# CREATING AN INVERSE IMAGE SEARCH INDEX WITH DEEP LEARNING

In [1]:
#!pip install opencv-python

In [2]:
#!python.exe -m pip install --upgrade pip

In [3]:
import cv2
import numpy as np
from tensorflow.keras import Model
from tensorflow.keras.datasets import fashion_mnist 
from tensorflow.keras.layers import *

DEFINE BUID_AUTOENCODER(), WHICH INSTANTIATES THE AUTOENCODER.
FIRST, LET'S ASSEMBLE THE ENCODER PART:

In [4]:
def build_autoencoder(input_shape = (28, 28, 1), 
                      encoding_size = 32,
                     negative_slope = 0.3):
    inputs = Input(shape = input_shape)
    encoder = Conv2D(filters = 32,
                    kernel_size = (3, 3),
                    strides = 2,
                    padding = "same") (inputs)
    encoder = LeakyReLU(negative_slope = negative_slope) (encoder)
    encoder = BatchNormalization() (encoder)
    encoder = Conv2D(filters = 64,
                    kernel_size = (3, 3),
                    strides = 2,
                    padding = "same") (encoder)
    encoder = LeakyReLU(negative_slope = negative_slope) (encoder)
    encoder = BatchNormalization() (encoder)

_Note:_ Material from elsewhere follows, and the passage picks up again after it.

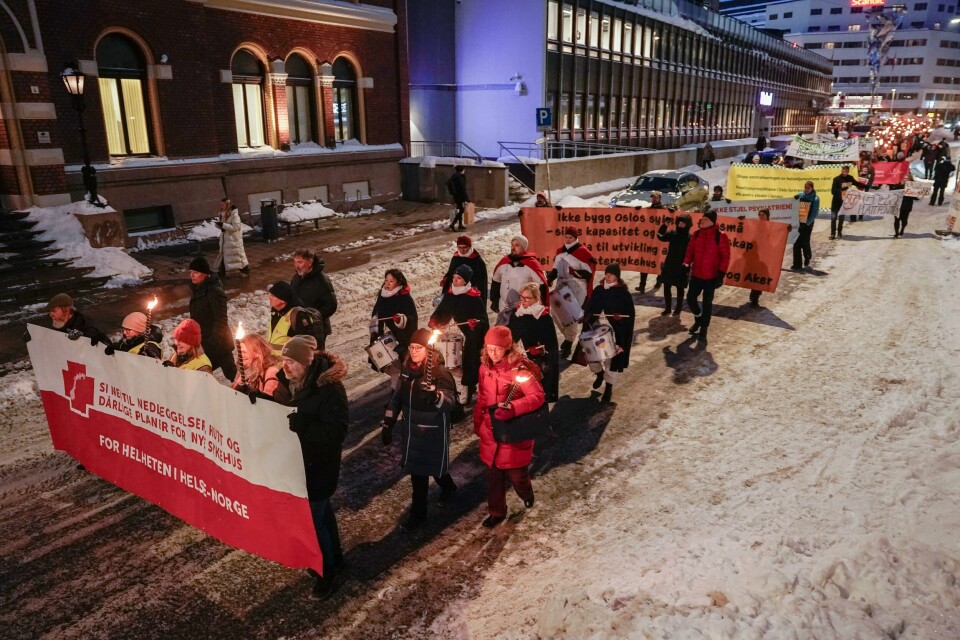 Fakkeltoget hadde med organisasjoner fra hele landet, og alt fra sykehusaksjoner til fagforeninger og helsearbeidergrupper. Fakkeltoget hadde med organisasjoner fra hele landet, og alt fra sykehusaksjoner til fagforeninger og helsearbeidergrupper. Foto: Cornelius Poppe / NTB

    encoder_output_shape = encoder.shape
    encoder = Flatten() (encoder)
    encoder_output = Dense(units = encoding_size,
                          name = "encoder_output") (encoder)



    #DEFINE THE DECODER PORTION:
    target_shape = tuple(encoder_output_shape[1:])
    decoder = Dense(np.prod(target_shape)) (encoder_output)
    decoder = Reshape(target_shape) (decoder)

    decoder = Conv2DTranspose(filters = 64,
                             kernel_size = (3, 3),
                             strides = 2,
                             padding = "same") (decoder)
    decoder = LeakyReLU(negative_slope = negative_slope) (decoder)
    decoder = BatchNormalization() (decoder)

    decoder = Conv2DTranspose(filters = 32,
                             kernel_size = (3, 3),
                             strides = 2,
                             padding = "same") (decoder)
    decoder = LeakyReLU(negative_slope = negative_slope) (decoder)
    decoder = BatchNormalization() (decoder)

    decoder = Conv2DTranspose(filters = 1,
                             kernel_size = (3, 3),
                             padding = "same") (decoder)
    outputs = Activation(activation = "sigmoid",
                        name = "decoder_output") (decoder)


    # FINALLY, BUILD THE AUTOENCODER AND RETURN IT:
    autoencoder_model = Model(inputs, outputs)
    return autoencoder_model

DEFINE A FUNCTION THAT WILL OUTPUT THE EUCLIDEAN DISTANCE BETWEEN TWO VECTORS:

In [5]:
def euclidean_dist(x, y):
    return np.linalg.norm(x - y)

DEFINE THE SEARCH() FUNCTION, WHICH USES THE SEARCH INDEX(A DICTIONARY OF FEATURE VECTOR 
PAIRED WITH THEIR CORRESPONDING IMAGES) TO RETRIEVE THE MOST SIMILAR RESULTS
TO A QUERY VECTOR:

In [6]:
def search(query_vector, search_index, max_results = 16):
    vectors = search_index["features"]
    results = []

    for i in range(len(vectors)):
        distance = euclidean_dist(query_vector,
                                 vectors[i])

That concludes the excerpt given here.